The issue occurs when you try to register more than one sub-event type for a given run. The second sub-event type will be appropriately registered to the master sub-event run manager, but no workers will ever be created to handle its sub-event type. This is because the worker sub-event run managers are created by G4UserSubEvtThreadInitialization, which doesn’t pass any arguments to the G4WorkerSubEvtRunManager constructor in CreateWorkerRunManager, and so all of the workers are created with sub-event type 0 (corresponding to track classification 100, or fSubEvent_0), the default in the G4WorkerSubEvtRunManager ctor. So if you set a particle’s (or track status’s) default classification to the second sub-event type you registered, the run will crash as soon as that particle/track status is encountered in the simulation.

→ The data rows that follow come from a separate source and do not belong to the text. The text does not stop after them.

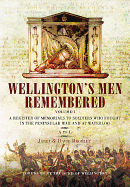 Wellington's Men Remembered: V 1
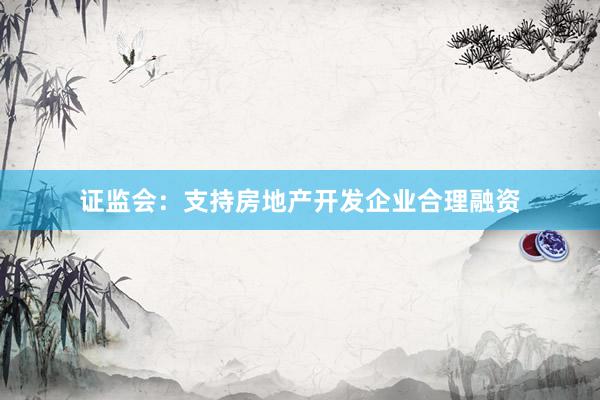证监会：支持房地产开发企业合理融资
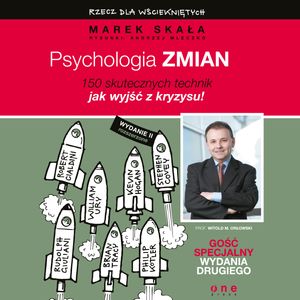 Psychologia zmiany. Rzecz dla wściekniętych, Andrzej Mleczko, Marek Skała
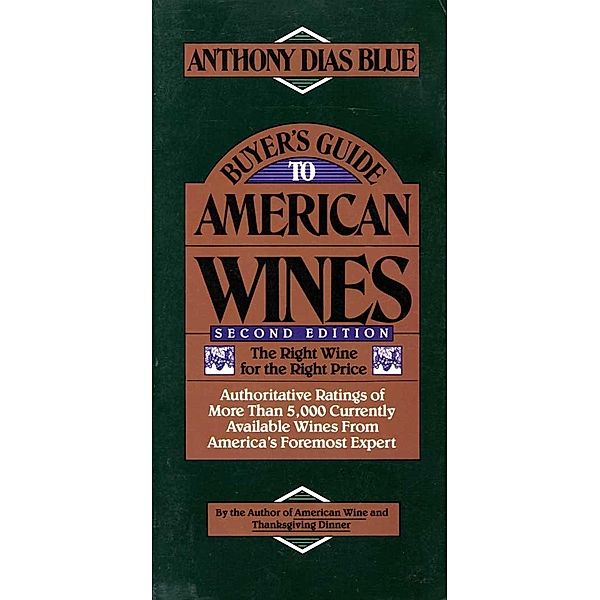 Buyer's Guide to American Wines, Anthony Dias Blue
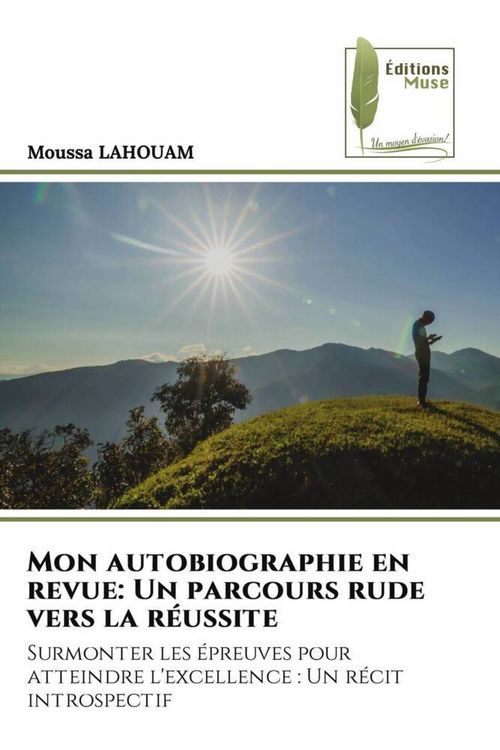 Produktbild: Mon autobiographie en revue: Un parcours rude vers la r&eacute;ussite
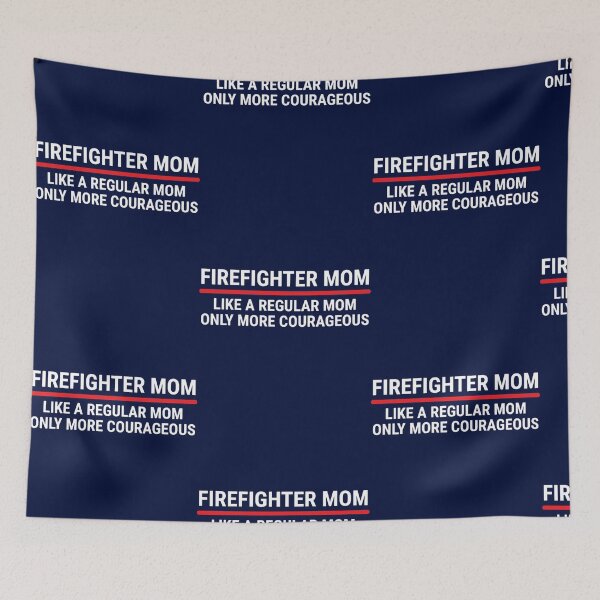 Item preview, Cool Firefighter Mom Courageous Firewoman  designed and sold by dariuselmer.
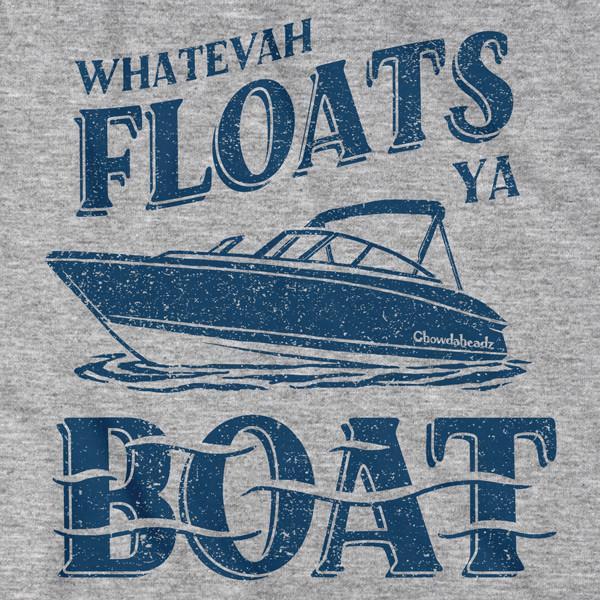 Whatevah Floats Ya Boat T-Shirt - Chowdaheadz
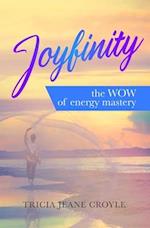 Joyfinity: the WOW of energy mastery 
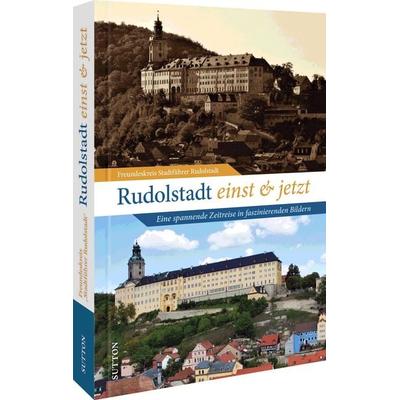 Rudolstadt einst und jetzt, Gebundene Ausgabe von Freundeskreis Stadtführer Rudolstadt, Sutton, 978-3-96303-424-4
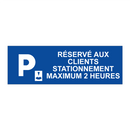 Réservé aux clients Stationnement maximum 2 heures
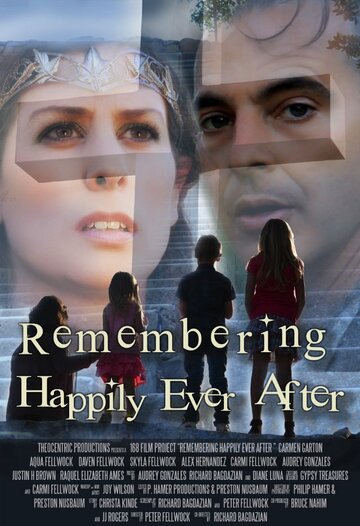 Remembering Happily Ever After (2013)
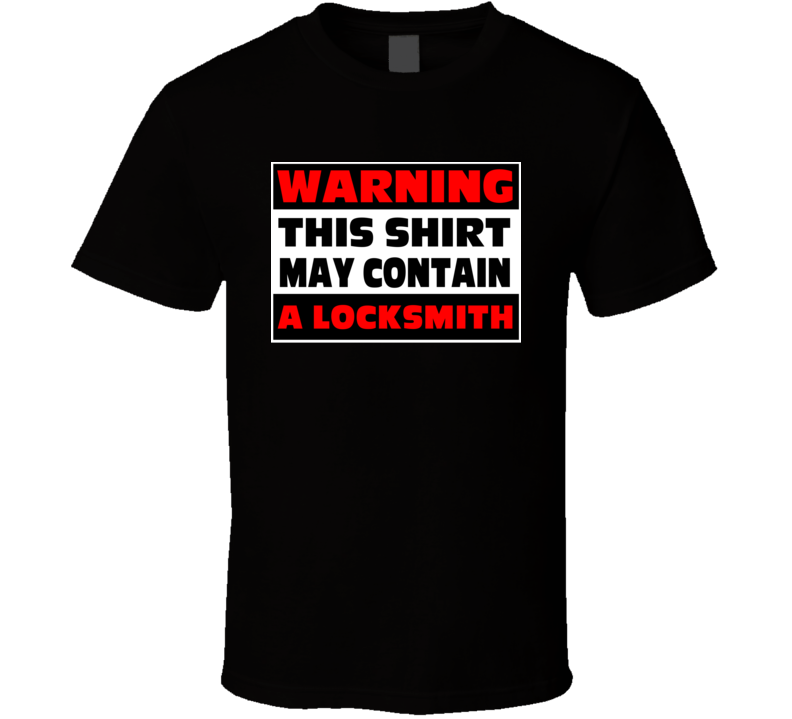 Warning Contains A Locksmith T Shirt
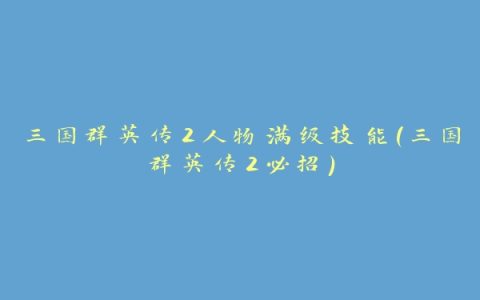 三国群英传2人物满级技能(三国群英传2必招)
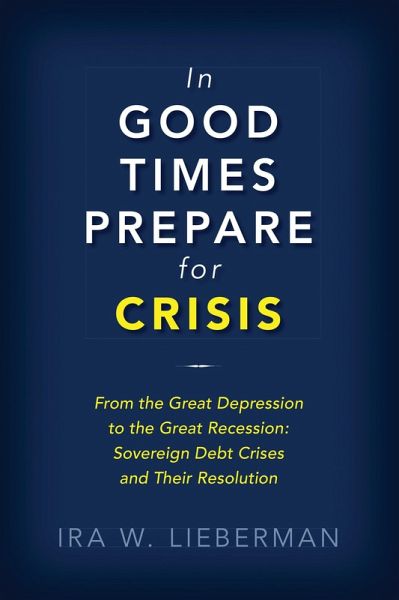 In Good Times Prepare for Crisis (eBook, PDF)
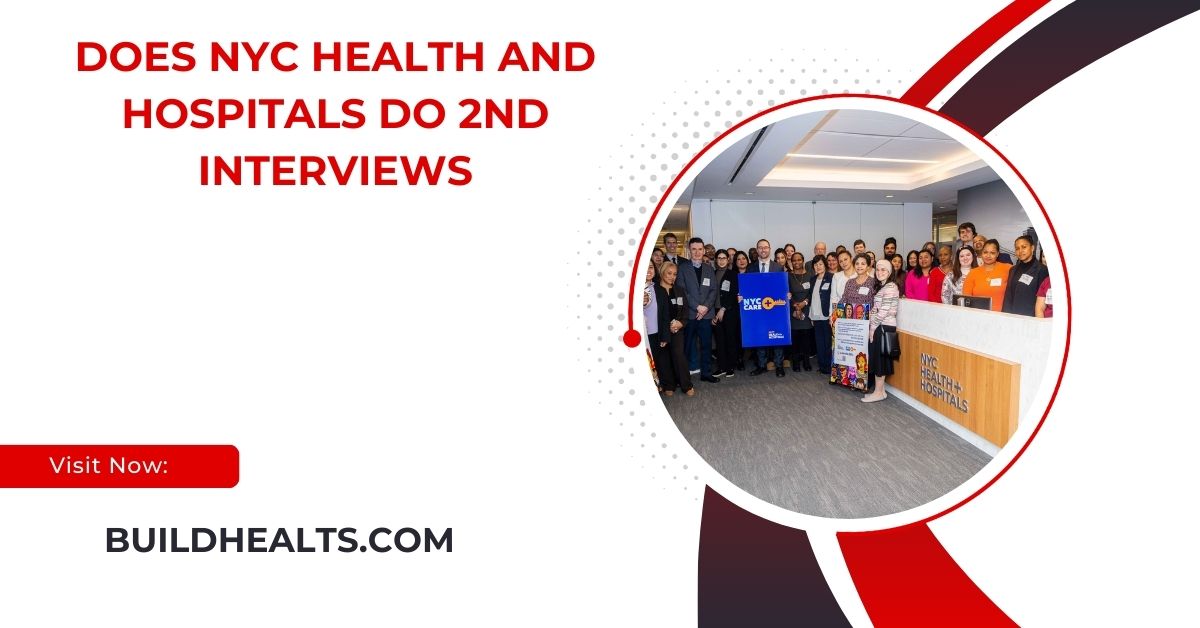 does nyc health and hospitals do 2nd interviews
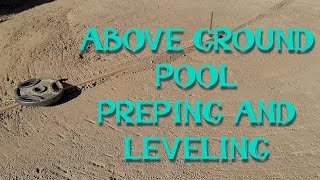 Above Ground Pool Site leveling and Ground Preparation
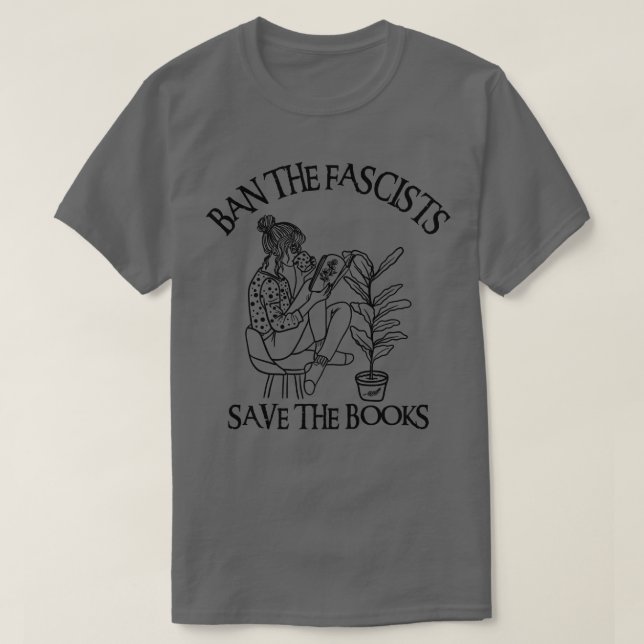 Ban The Fascists Save The Books 9 T-Shirt (Design Front)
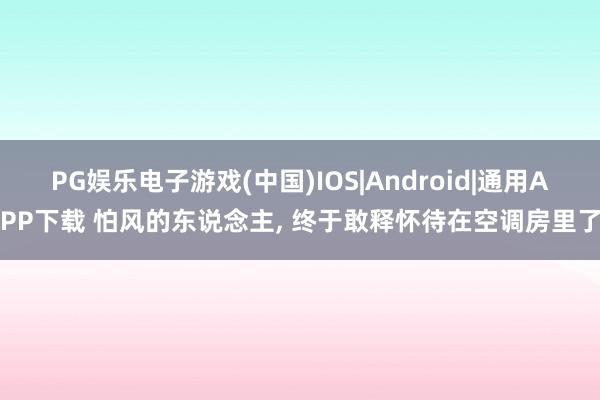 PG娱乐电子游戏(中国)IOS|Android|通用APP下载 怕风的东说念主， 终于敢释怀待在空调房里了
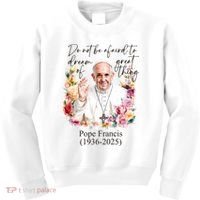Do Not Be Afraid Of Dream Of Great Thing Rest In Peace Pope Francis RIP Kids Sweatshirt thumb 0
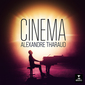 アレクサンドル・タロー（Alexandre Tharaud）『Cinema』モリコーネ、ルグラン、ジョン・ウィリアムズ、坂本龍一……映画音楽の名曲51曲を奏でる2枚組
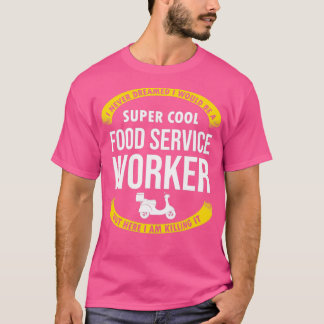 Funny Food Service Worker Gifts Appreciation Tシャツ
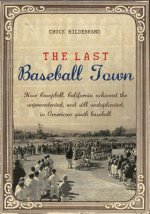 The Last Baseball Town: How Campbell, California achieved the unprecedented, and still unduplicated, in American youth baseball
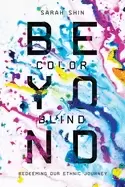 Image of beyond colorblind redeeming our ethnic journey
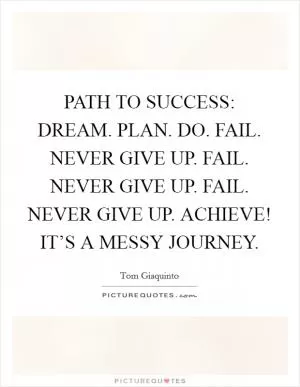 PATH TO SUCCESS: DREAM. PLAN. DO. FAIL. NEVER GIVE UP. FAIL. NEVER GIVE UP. FAIL. NEVER GIVE UP. ACHIEVE! IT’S A MESSY JOURNEY Picture Quote #1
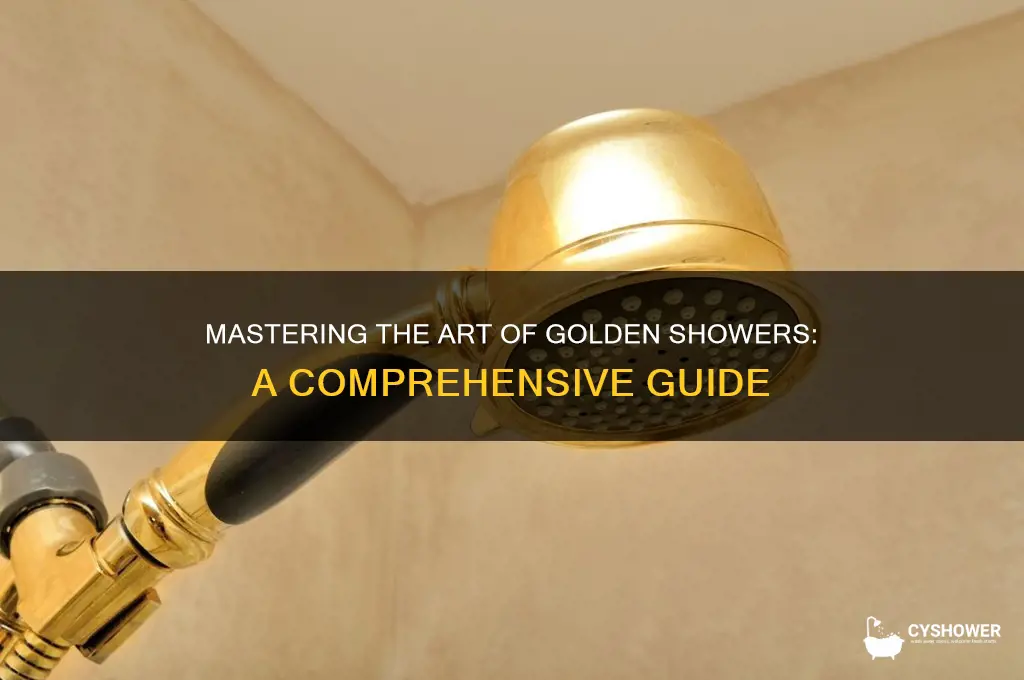 how to get golden shower
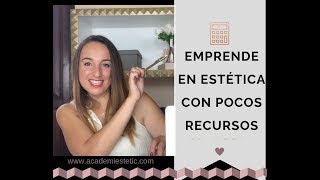 ¿Cómo emprender un negocio de estética con pocos recursos [upl. by Stillman]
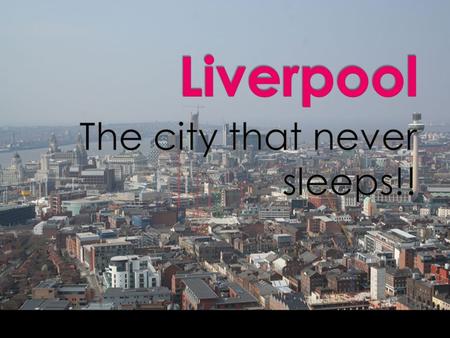  As a city, Liverpool is diverse, energetic and exciting: from celebrating Liverpool's 800th birthday in 2007 to being the European Capital of Culture.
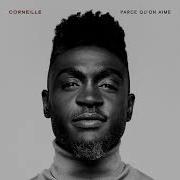 Corneille Regarde Nous Corneille Music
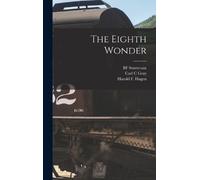 Bf Sturtevant Carl C Gray Harold F Hagen The Eighth Wonder (Copertina rigida)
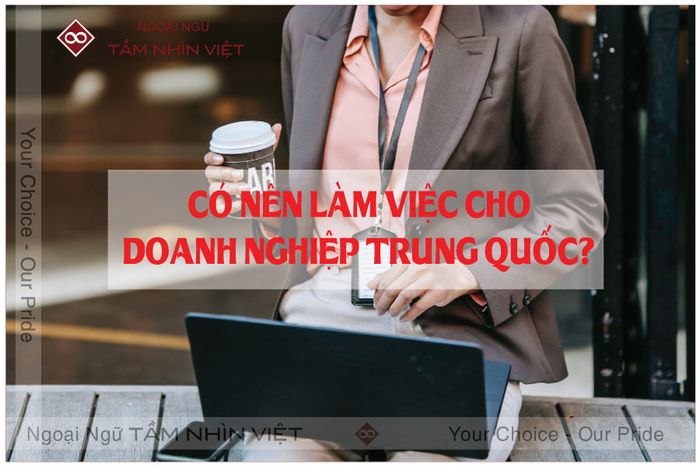 Có nên tham gia làm việc cho doanh nghiệp Trung Quốc hay không?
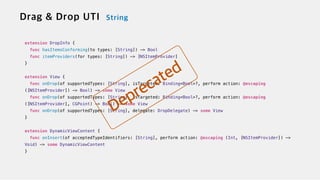 extension DropInfo {

func hasItemsConforming(to types: [String]) -> Bool


func itemProviders(for types: [String]) -> [NSItemProvider]


}


extension View {


func onDrop(of supportedTypes: [String], isTargeted: Binding<Bool>?, perform action: @escaping
([NSItemProvider]) -> Bool) -> some View

func onDrop(of supportedTypes: [String], isTargeted: Binding<Bool>?, perform action: @escaping
([NSItemProvider], CGPoint) -> Bool) -> some View


func onDrop(of supportedTypes: [String], delegate: DropDelegate) -> some View


}


extension DynamicViewContent {


func onInsert(of acceptedTypeIdentifiers: [String], perform action: @escaping (Int, [NSItemProvider]) ->
Void) -> some DynamicViewContent


}
 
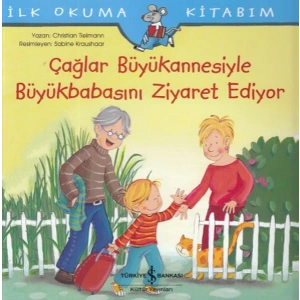 Çağlar Büyükannesiyle Büyükbabasını Ziyaret Ediyor-İlk Okuma Kitabım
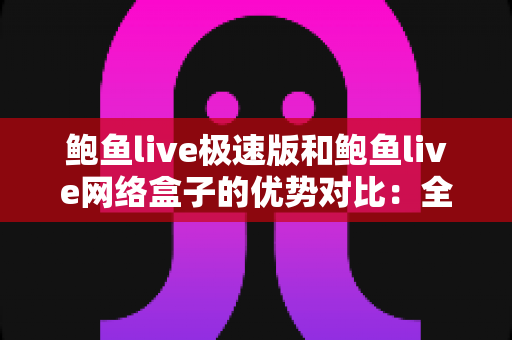 鲍鱼live极速版和鲍鱼live网络盒子的优势对比：全方位解析帮你选对观看工具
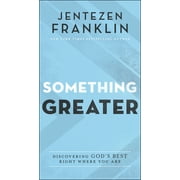 Something Greater: Discovering God's Best Right Where You Are (Paperback)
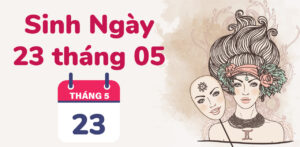 sinh ngay 23 thang 5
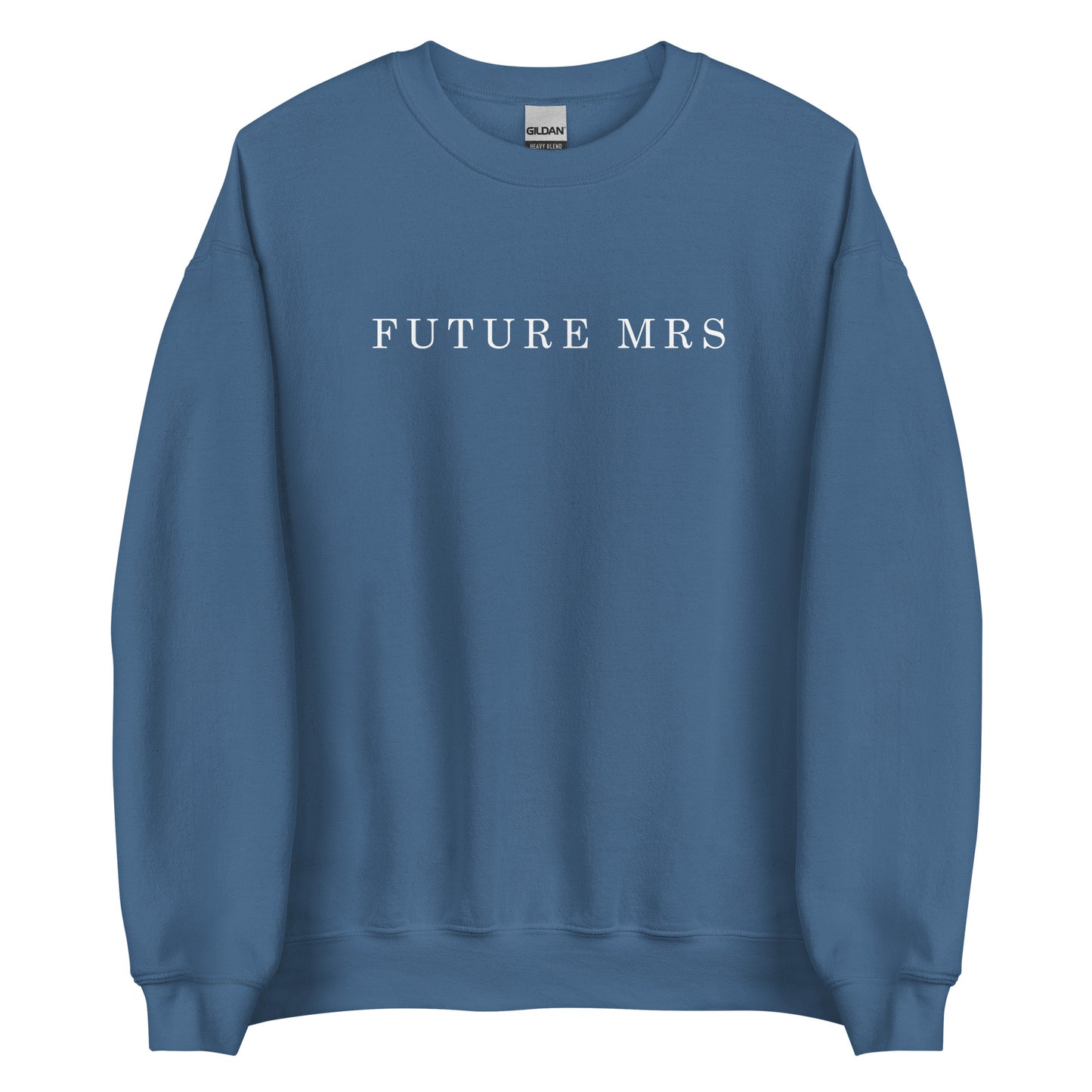 Future Mrs Unisex Sweatshirt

It seems like there needs to be a way to pass sub-event type information to G4UserSubEvtThreadInitialization so that worker threads can be assigned to those types. The most generic method would be to just split workers evenly among sub-event types, which could be achieved by just passing the sub-event type map (or even just its size).
Have others encountered this bug?
Following up here: implementing the suggested change only had a limited impact. There appears to be some sort of disconnect between the master sub-event run manager and its workers: registration of default classifications for specific particle types appears to only affect the master run manager – the sub-event type map doesn’t appear to be passed down to the worker run managers. This results in an Event0051 exception on the first worker thread to encounter a particle with a sub-event default classification (e.g., fSubEvent_0) since those classifications have only been registered with the master run manager. Adding these registrations to the worker threads as well resolves the exception, but strangely the registrations don’t seem to have “taken”: particle types registered to fSubEvent_0, for example, will still come out ofG4StackManager::PushOneTrack with fUrgent classification.
One final note: it seems that some logic in G4EventManager::DoProcessing is short-circuiting the sub-event loop. The final if statement checks if the current thread is a sub-event worker and then ostensibly checks to see if the current sub-event has completed or not. But instead of actually doing that, the code currently just sets the current sub-event as completed regardless of its actual status. This means that the sub-events are skipped entirely. There is commented-out text explaining that the user should add incomplete events to the processingEvents vector and completed events to the completedEvents vector, but implementing this still does nothing, because processingEvents doesn’t seem to be accessed anywhere in the code.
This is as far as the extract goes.